All notes
Ocr

Basics

Best OCR results depend on various factors, the most important being font and size used for OCR. Best font size for OCR is 10 to 12 points. Use of smaller font size has led to bad OCR. Font sizes greater than 72 are considered images, and thus should be avoided.

Using very large font sizes like 24 and higher don’t add any reliabiltiy, they just take more space.

Other noted factors are color, contrast, brightness, and density of content. Usually dark, bold letters on a light background and vice versa yield good results. The textual content should be ideally placed, with good spacing between words and sentences. If the source file contains Asian languages, it is recommended to scan with 300 dpi for accurate results.

Fonts

Tahoma is present on any Windows system and the main reason that this font works so well is that there is enough difference between look-a-like characters which make the OCR engine interpret each character correctly even without any context.

The popular Arial font for example does not show any difference between an l (lowercase L) and an I (uppercase i) which does not make it a good candidate for OCR.

OCR A and OCR B

OCR-A uses simple, thick strokes to form recognizable characters. E.g. 0 and o is well distinguishable. Although OCR algo advancement makes such simple fonts no longer necessary, its usage remains widespread in the encoding of cheques around the world. Some lockbox companies still insist that the account number and amount owed on a bill return form be printed in OCR-A.[13] Also, because of its unusual look, it is sometimes used in advertising and display graphics.

OCR B font is an upgraded version of OCR A. It is easier for the human eye and brain to read and it has a less technical look.

Concepts

MICR

It is used mainly by the banking industry to ease the processing and clearance of cheques and other documents.

Unlike barcodes and similar technologies, MICR characters can be read easily by humans.

There are two major MICR fonts in use: E-13B and CMC-7. The MICR E-13B font has been adopted as the international standard in ISO 1004:1995, but the CMC-7 font is widely used in Europe, Brazil and Mexico.

CMC-7 consists of 10 digits and 5 more control characters: internal, terminator, amount, routing, and an unused character.

These have been added to UNICODE.

The ink used in the printing is a magnetic ink or toner, usually containing iron oxide. The ink in the plane of the paper is first magnetized. Then the characters are passed over a MICR read head, a device similar to the playback head of a tape recorder.

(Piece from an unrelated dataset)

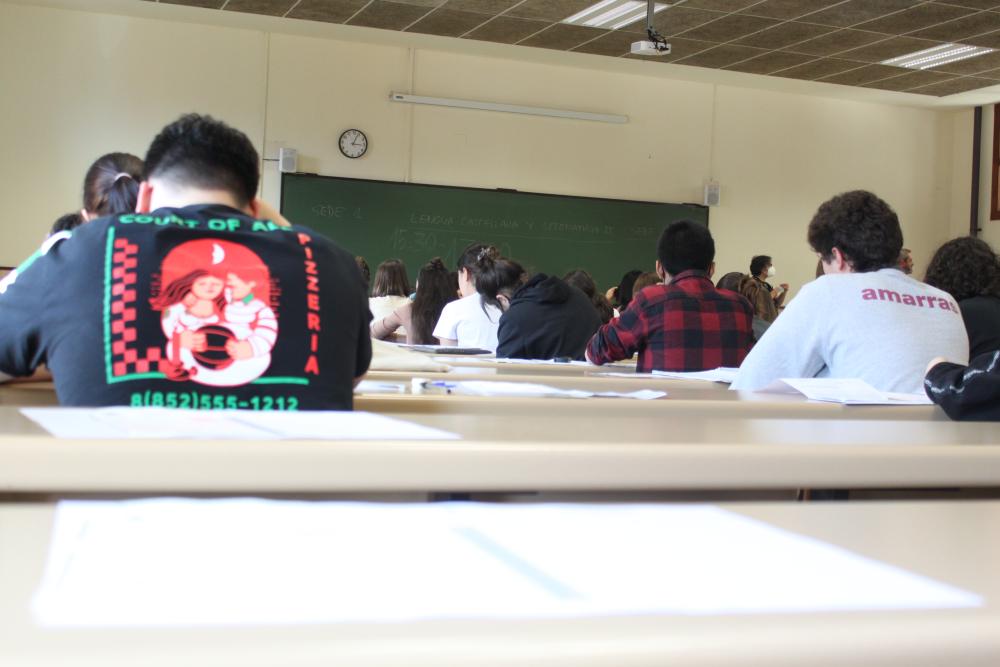 Imagen La Universidá d'Uviéu publica la primer llista d'alumnos almitíos n'estudios de grau con llende de places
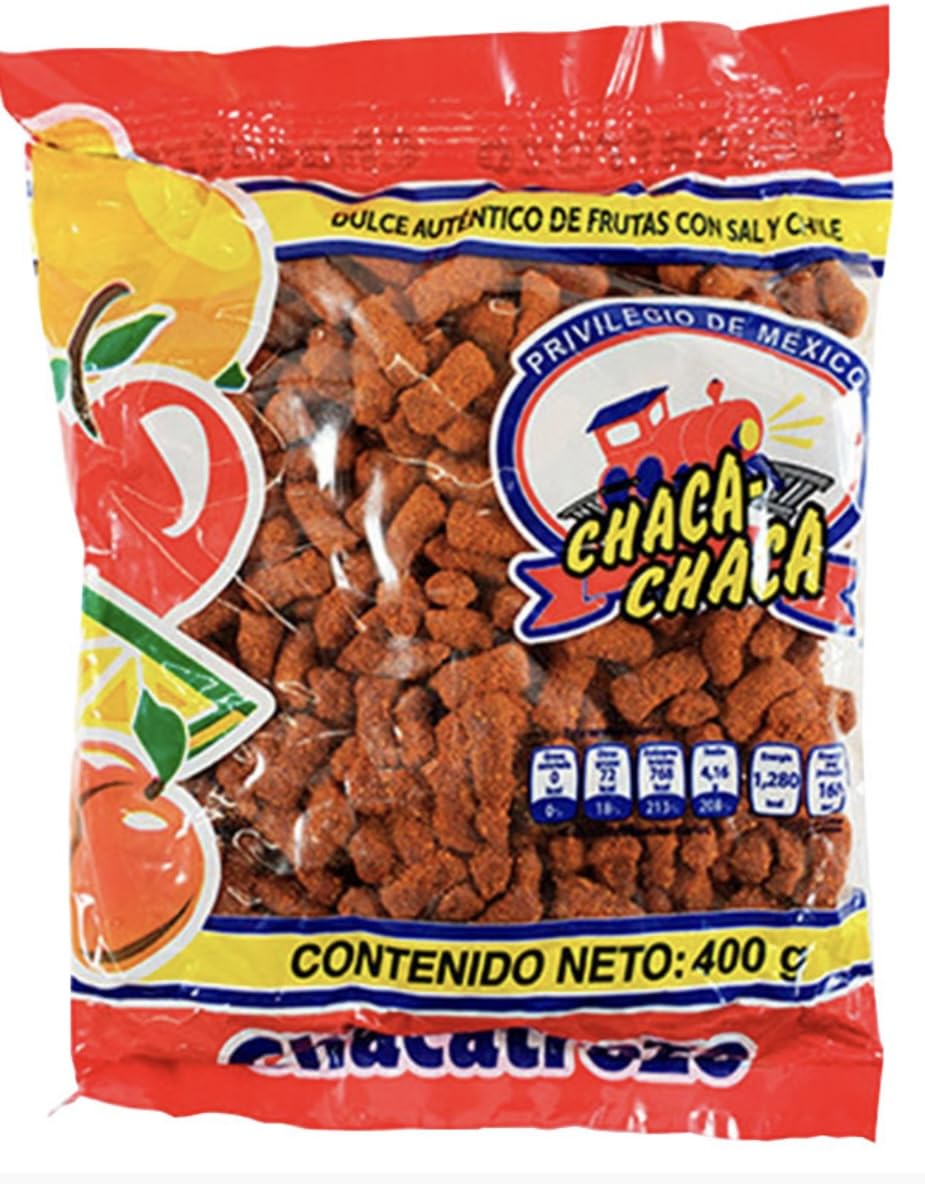 2 X Forritos Chacatrozo Moreliates Tamarindo Mexican Tamarind Candy Strips 700g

The error rate for the magnetic scanning of a typical cheque is smaller than with optical character recognition systems.

Others

MOR: Multi-Lingual Omnifont Recognition.

accusoft.com: OmniMOR.

FAQ

Which type is preferred: color or grayscale?

ABBYY Technologies use color information for detecting areas and objects on the image. So, if complex layouts have to be processed, it is recommend to use color or at least, grayscale images.

The character recognition is always executed on a bitonal image that contains only black & white.

In the most cases, using the grayscale mode during document scanning is the most optimal to achieve the best recognition and time-consuming results.

wcfNote: so in the phase of char recognition, the input is only bi-tonal, which means, the conventional way is always to extract the structure from the gray/color image input, and focus on the structure/topology instead of the intensity pattern in the char recognition phase. 在最后的文字分类阶段,输入都是双值图,因为这个时候只看重拓扑结构;灰度信息在二值化的时候就充分利用用来转化成为结构。

Why 300 DPI is a gold standard

ScanSnapCommunity.com: why is OCR at 300 DPI a standard.

Most leading OCR and Automated Forms Processing software companies recommend scanning at a minimum resolution of 300 dots per inch for effective data extraction.

Some people think you can scan at a lower dpi, such as 200 dpi, and then use scanner software to increase the resolution through interpolation. However, interpolation doesn’t actually provide a meaningful benefit for OCR. Your image always loses some clarity and quality. You’re better off just scanning your document at 300 dpi to begin with.

So to answer this question quite simply, higher resolution scanning equates to improved automated OCR accuracy.